Four studies document the rejection of moral rebels. In Study 1, participants who made a counterattitudinal speech disliked a person who refused on principle to do so, but uninvolved observers preferred this rebel to an obedient other. In Study 2, participants taking part in a racist task disliked a rebel who refused to go along, but mere observers did not. This rejection was mediated by the perception that rebels would reject obedient participants (Study 3), but did not occur when participants described an important trait or value beforehand (Study 4).

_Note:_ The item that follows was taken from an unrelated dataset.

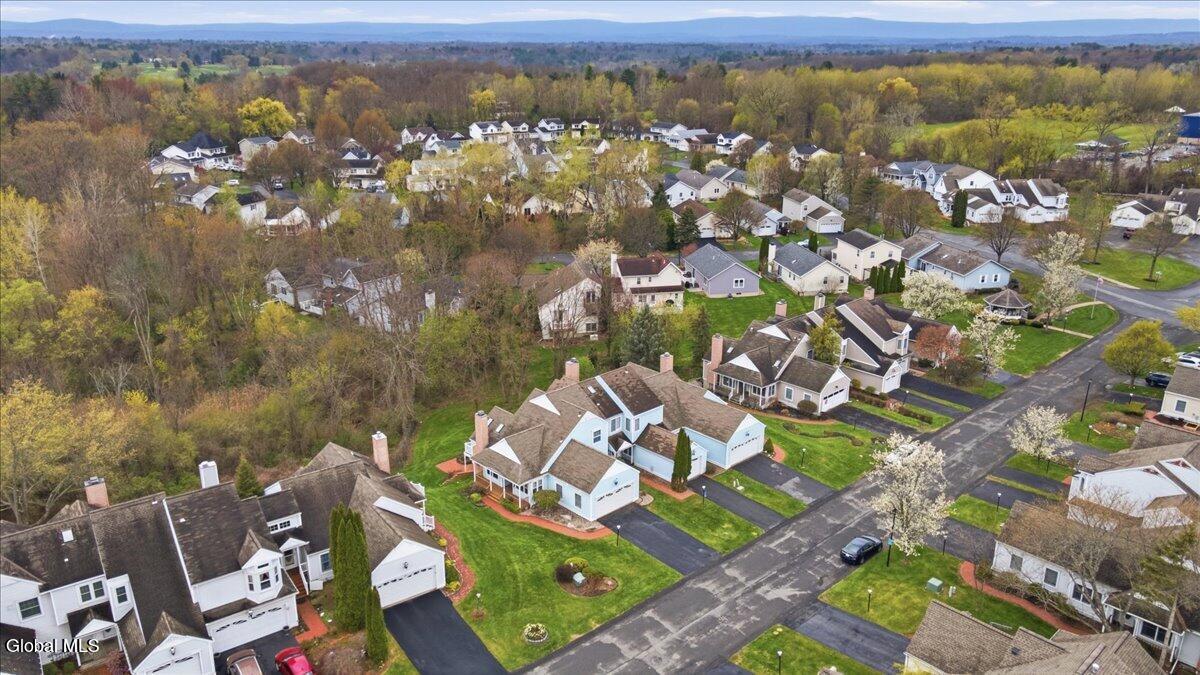 18 Kensington Place Albany NY 12209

Together, these studies suggest that rebels are resented when their implicit reproach threatens the positive self-image of individuals who did not rebel.

The main conclusion of the article is that moral rebels are resented by those who hold the same moral values, but did not rebel.

Four social psychological experiments are used to provide empirical support for this hypothesis.  Thus, the original article already contains one original study and three replication studies.

Study 1

Study 1 used the induced compliance paradigm (Galinsky, Stone, & Cooper, 2000; Zanna & Cooper, 1974).  Presumably, earlier studies that used this paradigm showed that it is effective in inducing dissonance by having participants write an essay that goes against their own beliefs. Importantly, participants are not forced to do so, but merely comply to a request.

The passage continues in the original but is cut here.